As an additional influence, Sterne's jokes at the expense of the Kerukopaedia suggest that its contents would have been a parody of Longinus's Peri Hupsous (On the Sublime), previously parodied in Alexander Pope's "Peri Bathous, Or the Art of Sinking in Poetry". Sterne was also inspired by the priest François Béroalde de Verville, whose Le Moyen de Parvenir has been described as "facetiously indecent". The literary critics Melvyn New and W.B. Gerard argue that the "Fragment" reveals that the older authors of Pope, Swift, Rabelais, and Cervantes were Sterne's primary influences, rather than his closer contemporaries Henry Fielding and Samuel Richardson, both of whom were popular novelists in the mid-eighteenth century.
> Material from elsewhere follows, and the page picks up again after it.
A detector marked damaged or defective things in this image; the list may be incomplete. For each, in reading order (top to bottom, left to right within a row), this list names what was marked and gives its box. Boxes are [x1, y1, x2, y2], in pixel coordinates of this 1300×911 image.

== Relationship to Tristram Shandy ==
The "Fragment" is generally seen as an early draft or prototype for Sterne's first novel, Tristram Shandy, which he published later the same year. Sterne's biographer Ian Campbell Ross describes the "Fragment" as a "transitional state" between A Political Romance and Tristram Shandy, being "both freer and bawdier than the closely woven allegory of the Romance, yet still remaining in essence a prose satire" as opposed to a novel. Sterne sent an in-progress work to the publisher Robert Dodsley in May 1769, and on Dodsley's advice he changed his writing approach to broaden the targets of his humour, reduce his bawdiness, and make more references to popular contemporary fiction. Ross describes the resulting first volumes of Tristram Shandy as "more up-to-date and accessible and hence—the crucial point for Sterne—more marketable" than the work implied by the two chapters of the "Fragment".
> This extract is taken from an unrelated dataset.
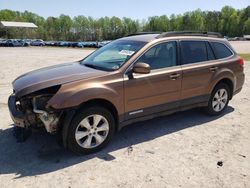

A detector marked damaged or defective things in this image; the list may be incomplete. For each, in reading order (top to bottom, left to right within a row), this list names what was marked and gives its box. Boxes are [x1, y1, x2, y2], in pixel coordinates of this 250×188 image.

damaged front end [8, 85, 62, 134]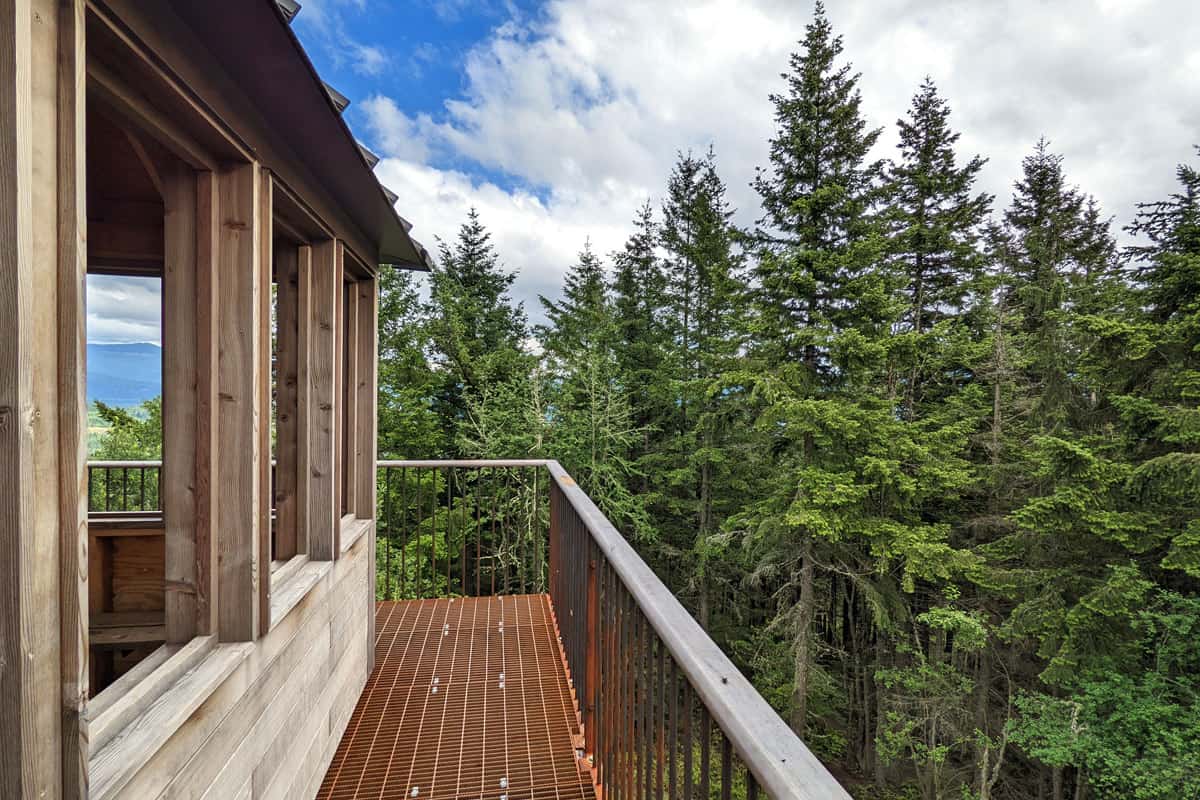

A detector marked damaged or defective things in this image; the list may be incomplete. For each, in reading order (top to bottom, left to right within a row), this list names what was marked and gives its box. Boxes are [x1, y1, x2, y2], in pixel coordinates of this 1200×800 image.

Some paragraphs from the fragment appear in volumes I, II, and IV of Tristram Shandy with minor changes, and are crossed out in the manuscript. The literary historians Melvyn New and W.B. Gerard propose the following writing process: "He seems ... to have kept the pages in his study, perhaps looking for an opportune moment to discuss pulpit oratory; the occasion would arise only with the Visitation dinner in volume IV, but after borrowing several short passages for that scene, he appears to have finally abandoned the idea."